Monthly Round-Up: May Viewing

In May after a slow start (I was on holiday, and needed a break) I still ended up watching 34 films. The diversity surprises me as much as ever. 

New-To-Me Films (In Order of Preference)

---------- Essential Viewing ----------

The Rocket (Kim Mordaunt, 2013) - Provoked immense joy. Fragments of history and Laos villager tradition/struggles built tension but it is the relationships that are truly special. Wonderful film.

The Fountain (Darren Aronofsky, 2006) - Awe-inspiring, century-spanning romance deals with the quest to rejuvenate life and the acceptance of mortality in realms of science and religion. An ambitious film of ideas and feeling, it is also very well acted by Jackman/Weiss and has incredible visuals and soundscape. I sat mouth agape.

The Place Beyond the Pines (Derek Cianfrance, 2013) - This epic and ambitious storytelling provokes audiences by continuing to evolve a large-scale narrative while incorporating relatable anxieties, emotional conflicts and acts of fate. The tension is palpable, standout sequences linger and the acting is of a high quality. Mark it up as two for two for one of the most promising filmmakers in the industry in Derek Cianfrance. 

Blackfish (Gabriela Cowperthwaite, 2013) - Add BLACKFISH to your Sydney Film Festival lineup (June 7 and 8), or at least consider seeing it when it hits cinemas later in the year. Incredible documentary insight into the marine park Orca shows, the decades of incidents involving the trainer death and injury, the indecency of the conditions and the greedy cover-ups and public manipulation. The footage is shocking, the accounts very moving. Wow.

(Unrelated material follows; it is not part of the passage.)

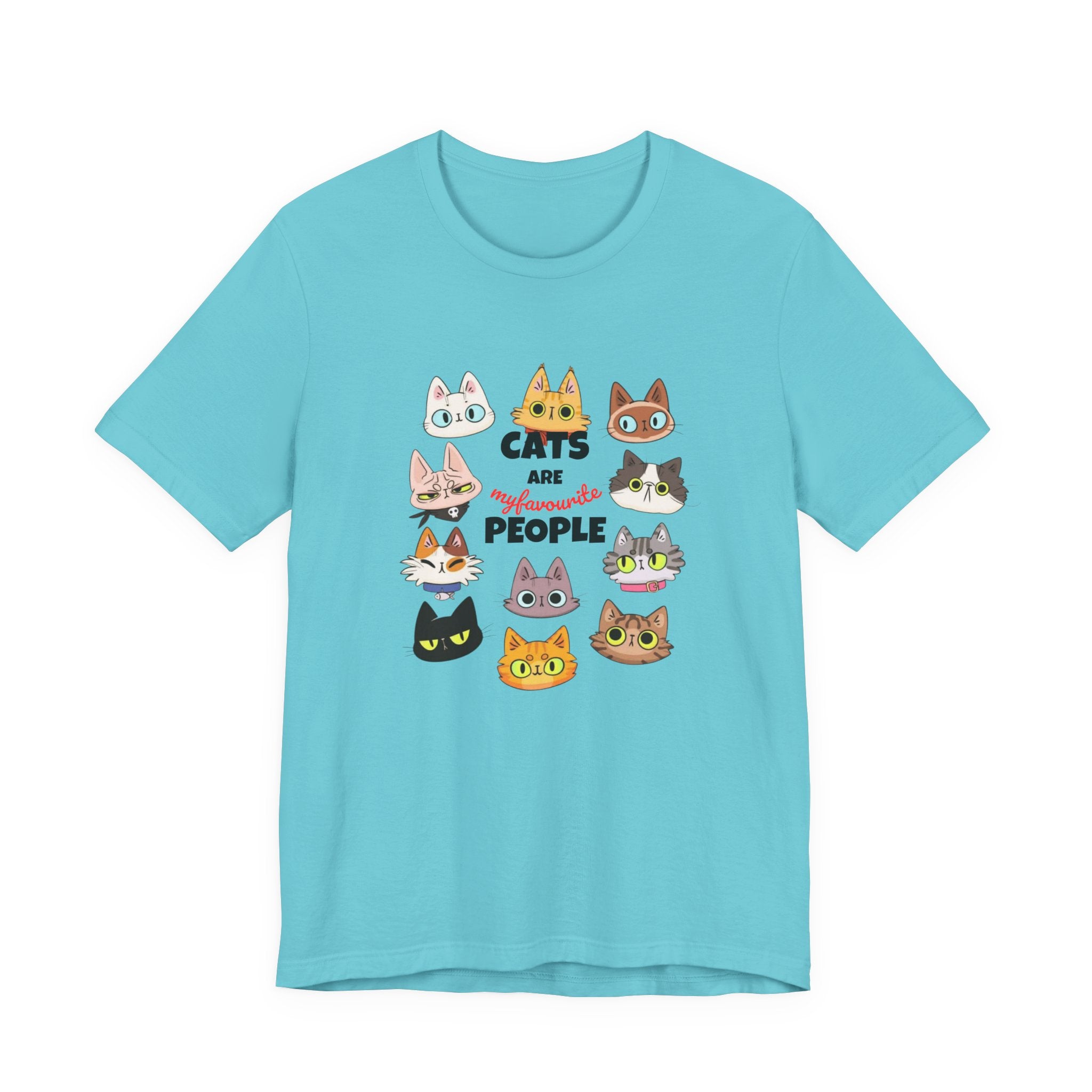 Cats Are My Favorite People T-Shirt — Cute Cartoon Cat Faces Tee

Only God Forgives (Nicolas Winding Refn, 2013) - Extremely intense and atmospheric. Proceed with caution upon entry to this surreal and unsettling tale of underworld revenge and redemption, mysticism and justice, but marvel at the beauty of Refn’s obsessively considered aesthetic and the syncing audio/visual beats. This is a heavyweight film from a brilliant auteur.

Solaris (Steven Soderbergh, 2002) - An excellent re-imaging of Stanisław Lem's classic novel.

---------- Essential Viewing ----------

Serpico (Sidney Lumet, 1973) - Decade-spanning study of 60/70s NYC cop corruption and fiery bio-drama of the man who opposed the precinct alone. Classic Pacino role.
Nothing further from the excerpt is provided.